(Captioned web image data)
_ _ _ _ _ _ _
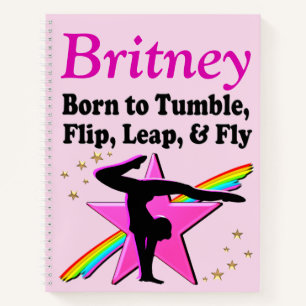 NÉ À TUMBLE GYMNAST CARNET PERSONNALISÉ
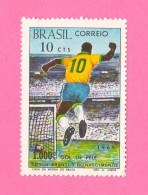 Brasile 1969 Pelè Stamps Francobollo Per Il Gol Numero 1000 Di Pelè O Rei De Brazil Football - Neufs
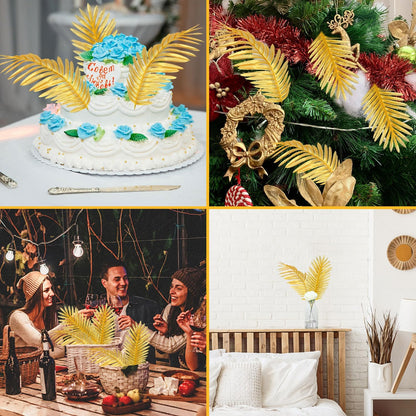 Artificial Palm Leaves, Faux Large Palm Fronds Fake Tropical Plant Simulation Safari Leaves with Stems for Home Hawaiian Luau Party Jungle Beach Theme Party Decoration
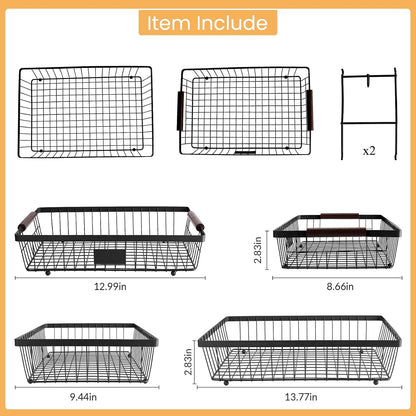2-Tier Stackable Wire Basket with 2 Banana Hooks, Pantry Organizer for Kitchen Countertops, Cabinets & Under-Sink Spaces; Ideal for Storing Snacks, Fruits, Veggies, Onions, Potatoes, & More,Black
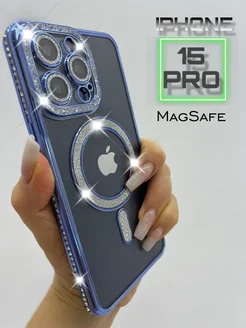 Чехол на iPhone 15 Pro со стразами и блестками magsafe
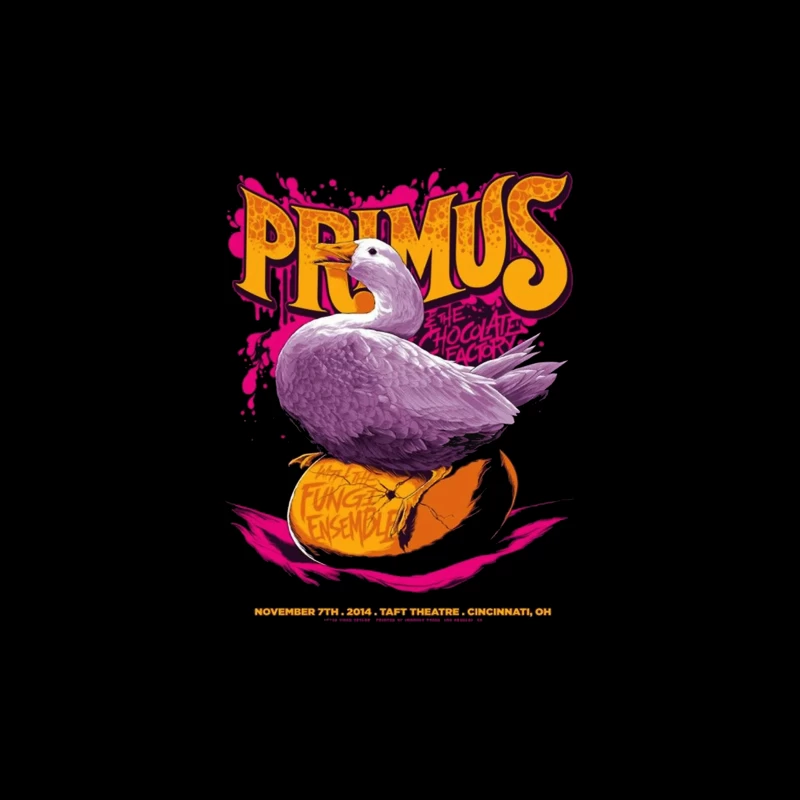 Primus Rock Band Concert Poster with Purple Duck Design Tapestry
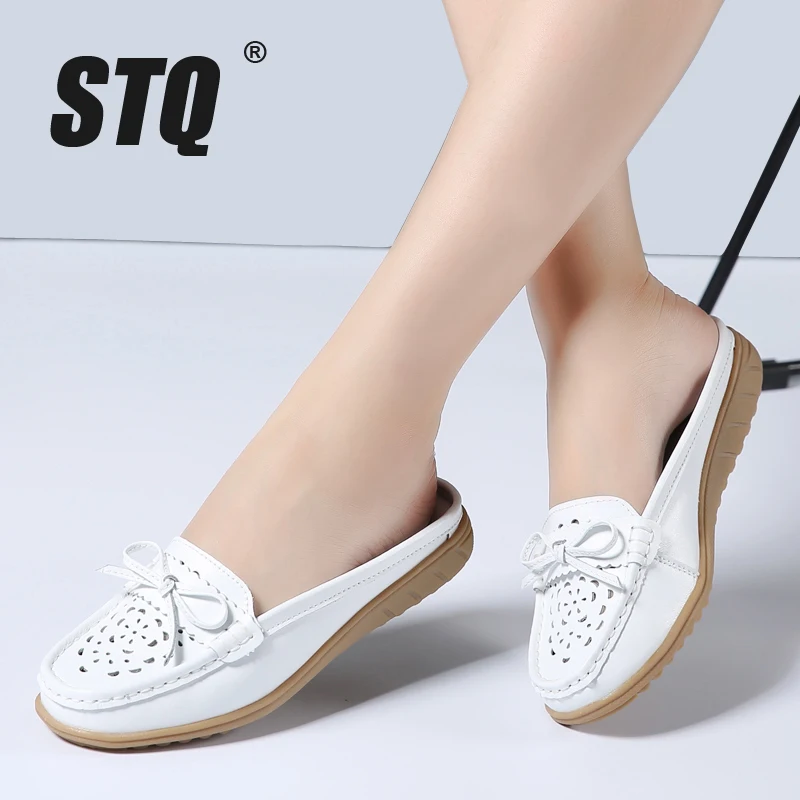 

STQ 2019 Summer women ballet flats cow leather flat sandals shoes ballet slippers slip on hollow Butterfly-knot Slippers 710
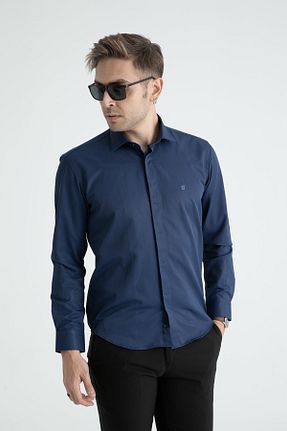 پیراهن سرمه ای مردانه اسلیم فیت ModaPlaza - کد 167595154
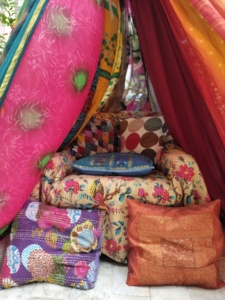 Boho Chic Saree <b>Tent</b> Canopy Gypsy Hippie Bed Backdrop for Weddings Meditation <b>Room</b> Floor Seating Area Outdoor Glamping Canopy - Product Image 2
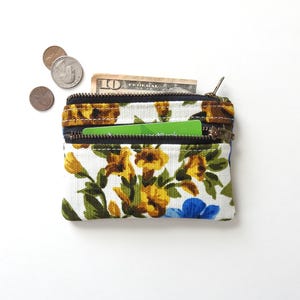 Monedero floral, monedero con doble cremallera, tela vintage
_ _ _ _ _ _ _
▸ Aim of the exercise:
The entries are to be transcribed word for word, without their images.

▸ Exercise answer:
 NÉ À TUMBLE GYMNAST CARNET PERSONNALISÉ
 Brasile 1969 Pelè Stamps Francobollo Per Il Gol Numero 1000 Di Pelè O Rei De Brazil Football - Neufs
 Artificial Palm Leaves, Faux Large Palm Fronds Fake Tropical Plant Simulation Safari Leaves with Stems for Home Hawaiian Luau Party Jungle Beach Theme Party Decoration
2-Tier Stackable Wire Basket with 2 Banana Hooks, Pantry Organizer for Kitchen Countertops, Cabinets & Under-Sink Spaces; Ideal for Storing Snacks, Fruits, Veggies, Onions, Potatoes, & More,Black
 Чехол на iPhone 15 Pro со стразами и блестками magsafe
 Primus Rock Band Concert Poster with Purple Duck Design Tapestry

STQ 2019 Summer women ballet flats cow leather flat sandals shoes ballet slippers slip on hollow Butterfly-knot Slippers 710
 پیراهن سرمه ای مردانه اسلیم فیت ModaPlaza - کد 167595154
 Boho Chic Saree <b>Tent</b> Canopy Gypsy Hippie Bed Backdrop for Weddings Meditation <b>Room</b> Floor Seating Area Outdoor Glamping Canopy - Product Image 2
 Monedero floral, monedero con doble cremallera, tela vintage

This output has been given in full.